Shapalaque also created the first souvenir music box with a Kazakh melody. The idea came to Zakenov while visiting Salzburg, Mozart’s birthplace, where he saw music boxes with the composer’s melodies available throughout the city. He considered the possibility of making something similar in Kazakhstan and began seeking funding upon his return. He viewed the Kazakh souvenir sphere as a blue ocean (a field without much competition), where the only good gift was the country’s chocolate.
A friend suggested using Kozimnin Qarasy (Kazakh for the apple of my eye), a famous song featuring the words of renowned Kazakh poet Abai Kunanbayev. Working with the composer they adapted the music to 18 notes, a customary number in such boxes. For the design, they wanted something which would reflect both Kazakh culture and the name of the song and drew a girl with big eyes whose beauty would not steal attention from the music.
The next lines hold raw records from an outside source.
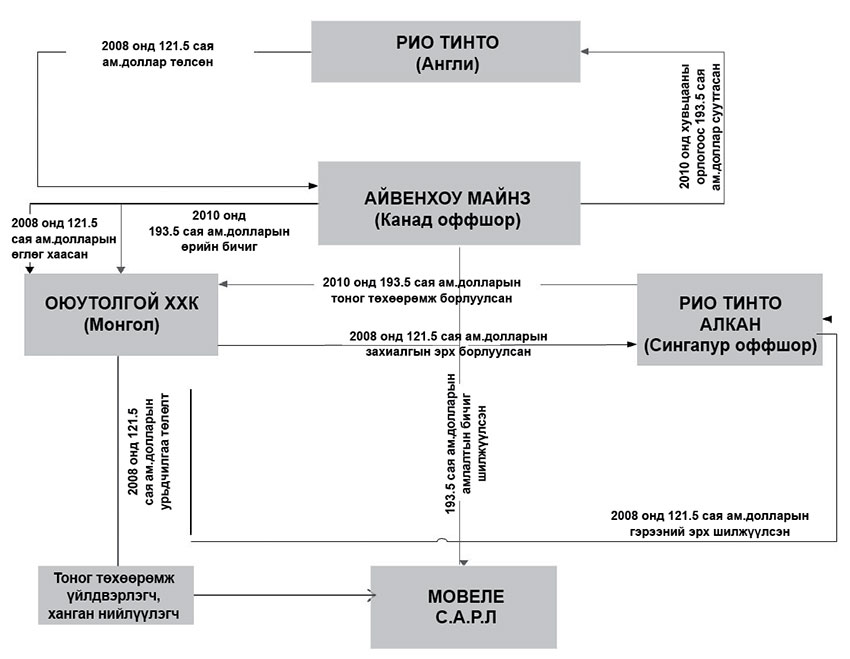 Оюутолгойн орлогыг авдаг “Рио Тинто”-гийн сүлжээ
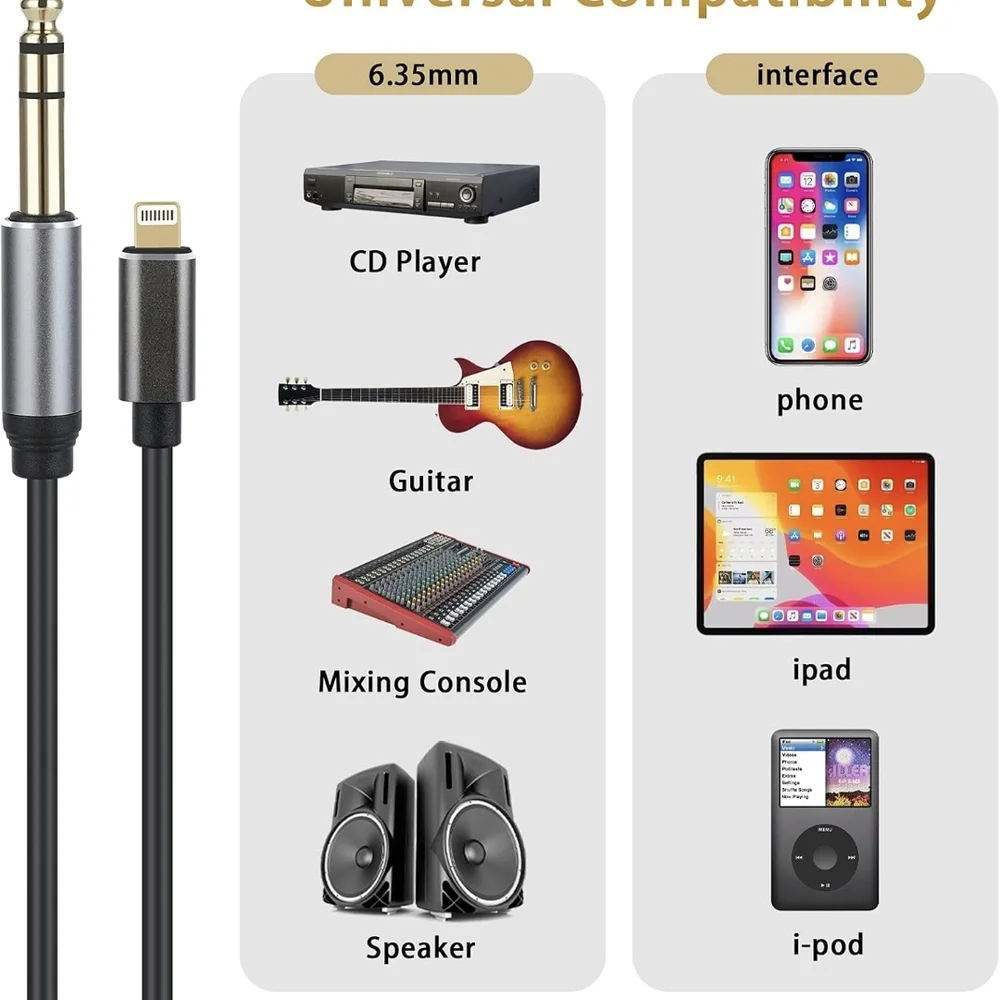 Black and Silver Audio Cable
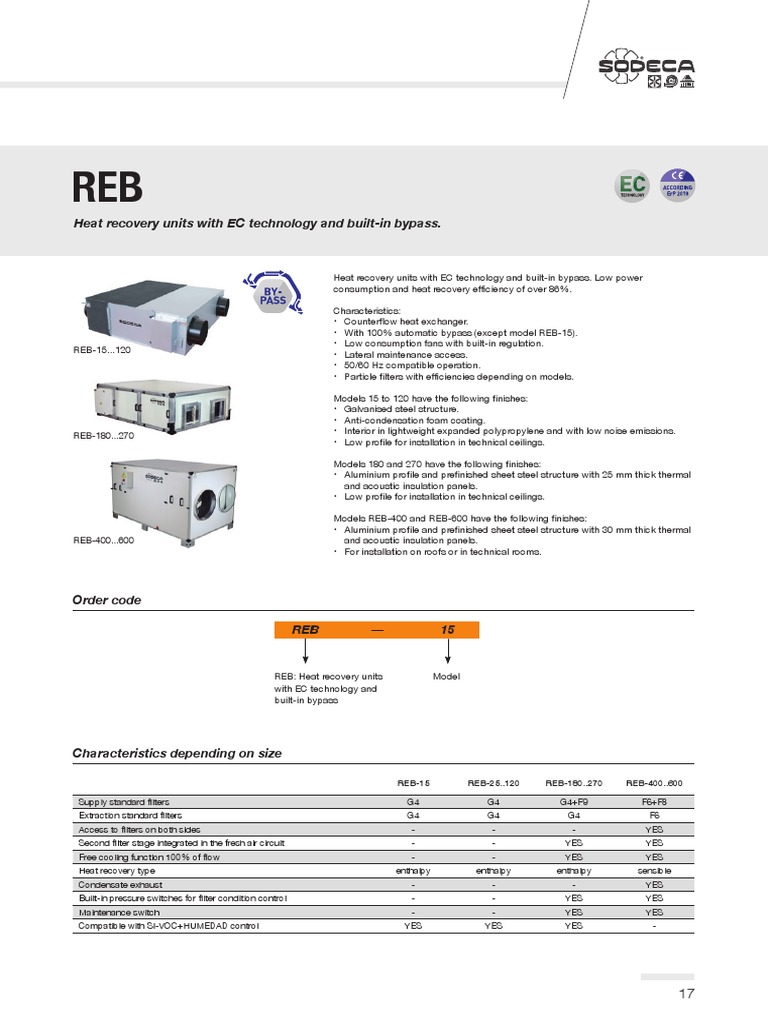 Heat Recovery Units With EC Technology and Built-In Bypass.: REB-15 REB ...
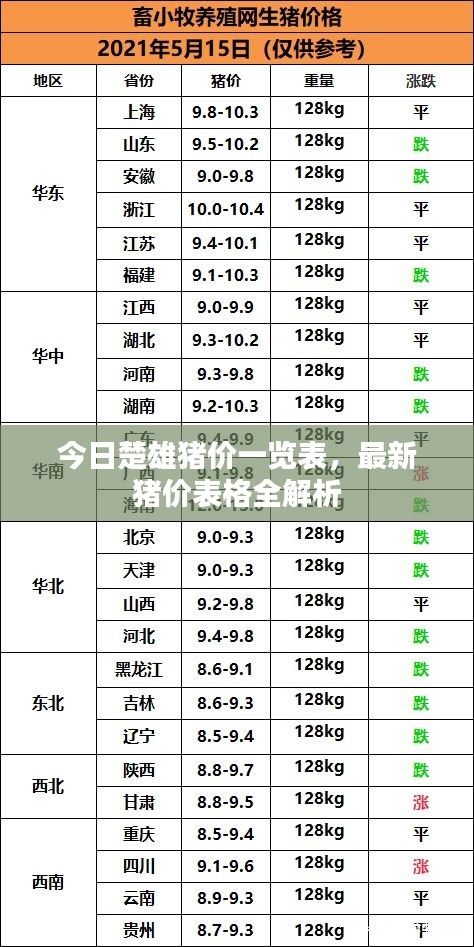 今日楚雄豬價一覽表，最新豬價表格全解析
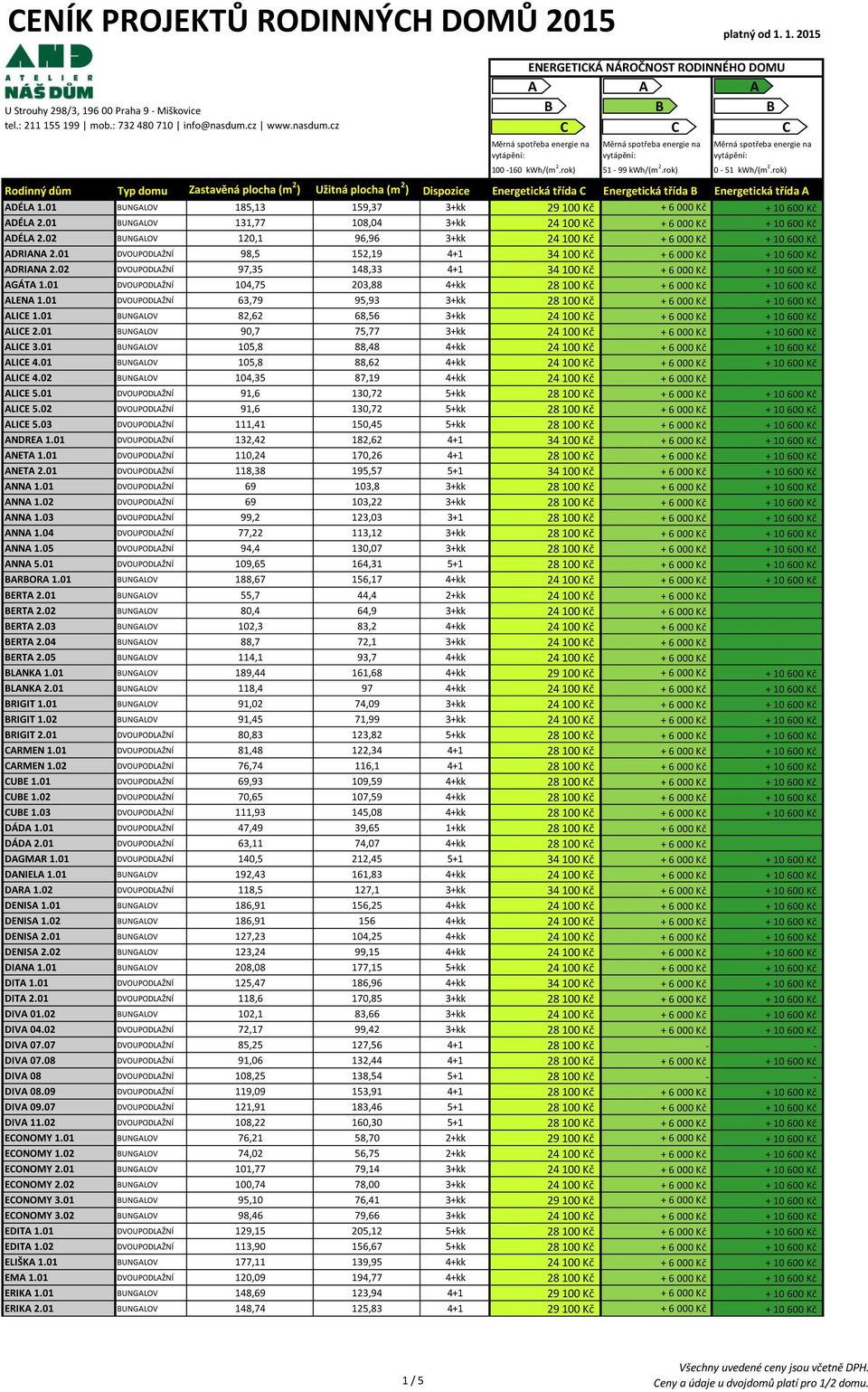 02 UNGLOV 120,1 96,96 3+kk 24 100 Kč + 6 000 Kč + 10 600 Kč DRIN 2.01 DVOUPODLŽNÍ 98,5 152,19 4+1 34 100 Kč + 6 000 Kč + 10 600 Kč DRIN 2.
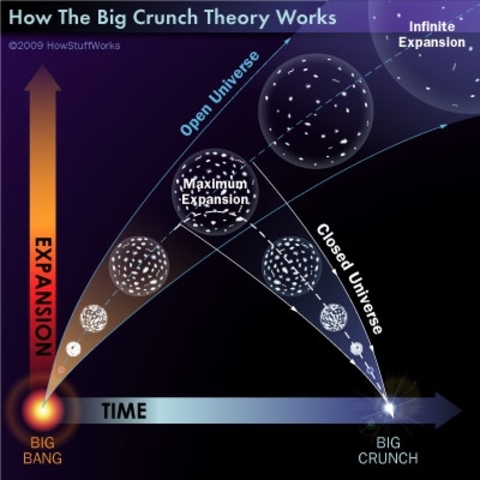 BIG CRUNCH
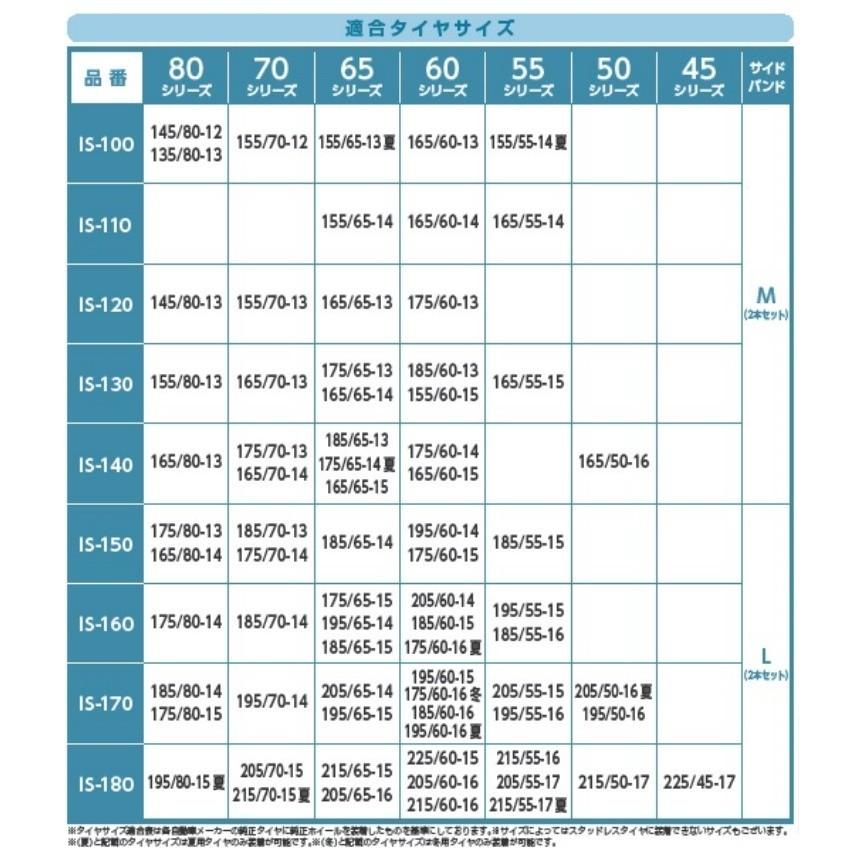インヴェルノ スタンダード タイヤチェーン IS170 IS180 ミニバン 195 65R15 205 65R16 他 金属 13mm ジャッキアップ不要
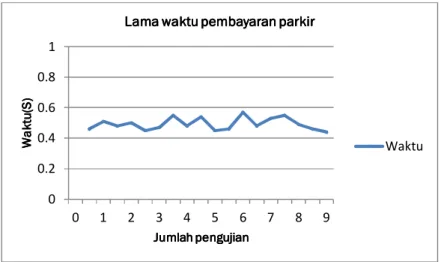 Gambar 10. Grafik waktu pengujian proses pembayaran parker berdasarkan jumlah pengujian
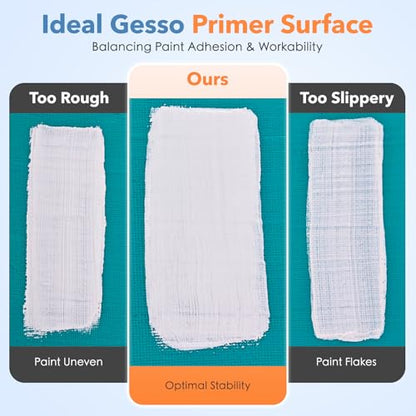White Heavy Gesso Primer for Acrylic Painting (16.9 oz/500 ml) | Superior Coverage & Fine Tooth Canvas Surface Prep Medium for Acrylic Paint, Oil Paint, Wood & Ceramics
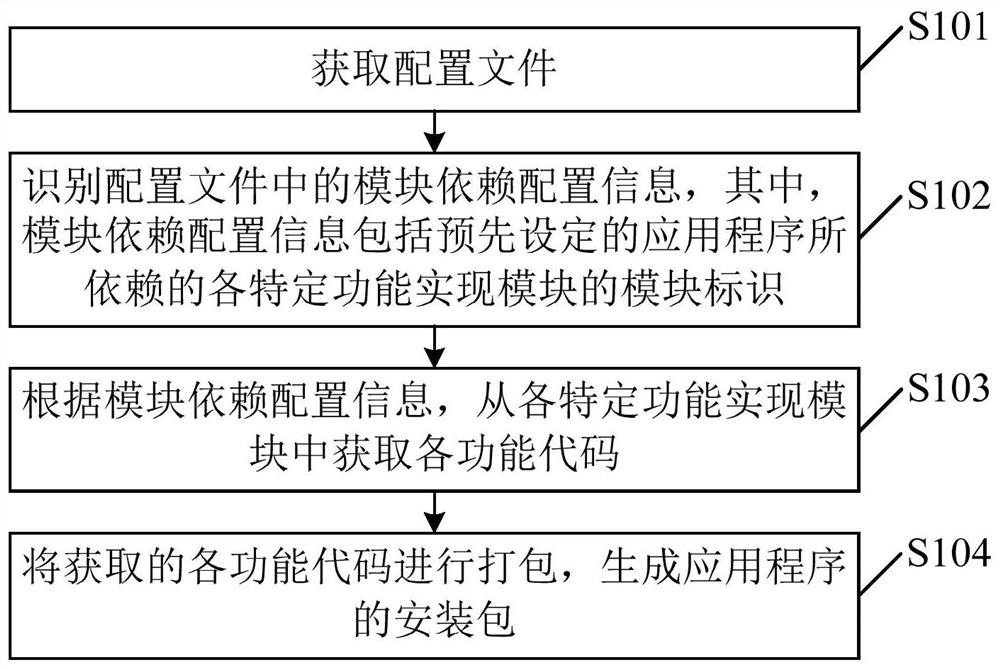 Application program development method and device, electronic equipment and machine readable storage medium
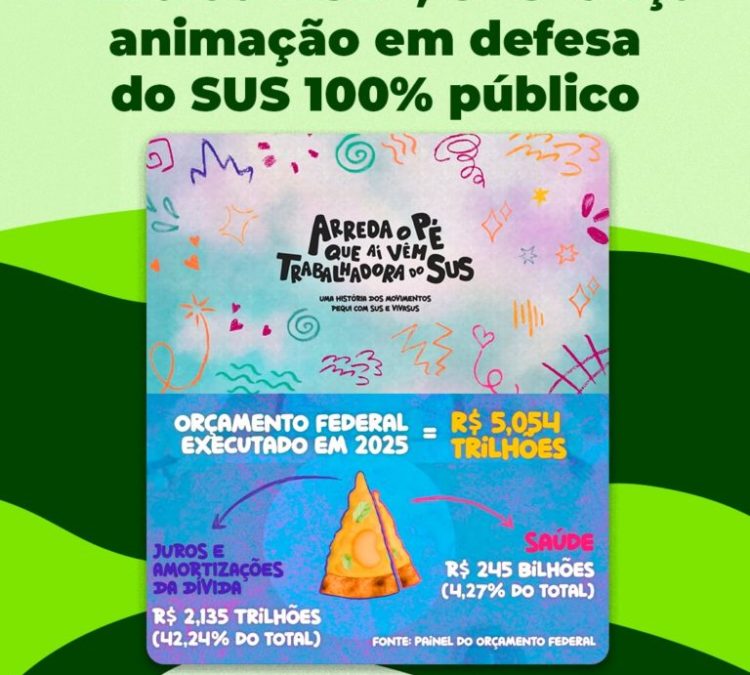 Assista a animação em defesa do SUS 100% público, com dados do “Gráfico de Pizza da ACD”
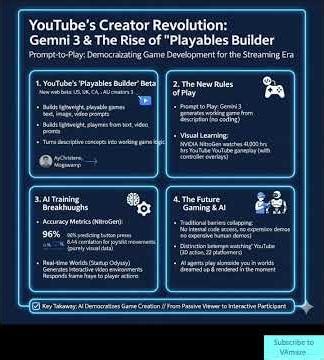 YouTube is transforming creators into game developers with Playables Builder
Zakenov initially wanted to create the details for the box in the Nazarbayev University DC Lab, a co-working space for designers, animators, video makers and photographers, but realising the cost would be prohibitive, found a factory in China. Three stores in Almaty sell the music box and three more will soon open in the capital.
Shapalaque participated in an AlmaCon (an analogue of Comic-Con), which gave it more exposure and allowed Almaty fans to purchase the merchandise.
Some Russian content makers such as Fyodor Comics (with Russian novelist Fyodor Dostoyevski as its main character) and Sienduk (the official Russian voice of the Rick and Morty cartoon) attended the event. Sienduk saw Shapalaque’s stand for the first time and liked it enough to post about it. The creator of Fyodor Comics was also familiar with the comic and acknowledged its good work.
“It was pleasant to hear because I thought that our audience was primarily from Kazakhstan, or Kazakh people living abroad. It is nice that other content makers also follow our art,” said Zakenov.
The comic’s current aim is to grow within Kazakhstan, realising a shift beyond its borders would require a change in strategy and quite a bit of additional funding. They have posted their content on bigger international platforms such as 9GAG, which proved they can produce quality content on a larger, though more general scale.
In the future, Zakenov wants to make short animated films, but the effort would require a great deal of time, equipment, funding and people. All are hard to find in Kazakhstan, because it is an unpopular field, he noted.